Maybe today will turn out much better than the all of this entire week. I hope it does because I'm quite tired of feeling like I'm going to burst out in tears at any given moment. I also think that maybe my emotions are so unstable because my hormones are going wacky and it's almost my time of month, lol. For some reason, I always get super emotional right before PMS hits (and why do I keep using the word "super" lately?). Maybe that was too much information for all of you, but quite frankly, I don't care, haha ^_^
I suddenly felt a new song come to me the other day. The melody haunts me, and although the lyrics aren't all quite there yet, it's a song that's really coming from deep within me, and I know that if I don't let people hear it, I'm going to go insane. I've got to get it all down and together on my guitar along with the lyrics before I post it up on here or something. ^_^ I seriously think that music is something I'd want to do forever...well, music along with film. ^_^ But man, music is my life. I could spend all day just strumming my guitar and singing or just listening to music in general. I don't know why I tried to deny this feeling for the longest time. It could be the fact that your success would ultimately depend on how well-received your music is, how hot you are, how much publicity you've got, how much a company is willing to spend to promote you, if radio will play your music, and how many units you'll have the potential to sell. All of these things are usually beyond your control, so it's just...a risky business to get into. And Lord knows I'm not much of a risk-taker.

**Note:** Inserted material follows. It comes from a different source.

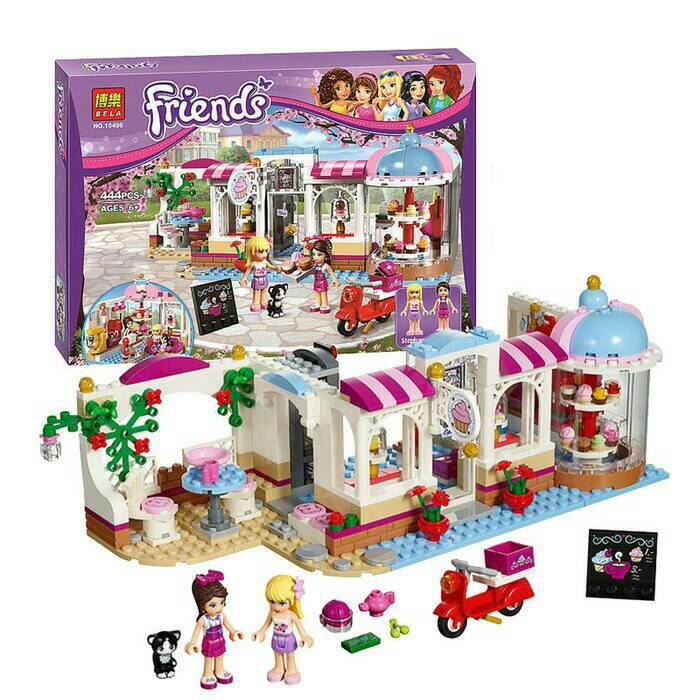 LEGO FRIENDS COMPATIBLE BLOCK BELA 10496 Heartlake Cupcake Cafe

I mean, no matter how much I believe I can make music, there's no garauntee that anyone will like my music. I think it's delusional to wholly believe in something like that without a hint of realistic perspective. This shit is hard. I've taken an Music Business class, and although the assignments and readings were a joke, we did get visitors from the industry who kept things real. So real in fact that it would scare a lot of people out of striving to become a professional musician.
I'm still undecided about what I want to do. I know that if I don't do something now, time will quickly run out on me, but damn it, I'm still confused about what I really want. There's a part of me that wants nothing to do with decisions; I sometimes want to revert back to being a five-year-old when the only thing I had to worry about was if I could have a cookie for dessert or something stupid like that. Of course, a wish like that is fruitless because that's something that won't ever happen. There's so much anxiety for me whenever I think of the future. I want something solid to believe in, but the fact remains that nothing is for certain, and the possibility of me living completely broke and still being dependent on my parents for the next few years is something that'll most likely happen. That's just sad.
But I guess that's just life for you.
1501 hits. Damn, I guess people do read my crap. I'm a little scared now, haha, but thanks.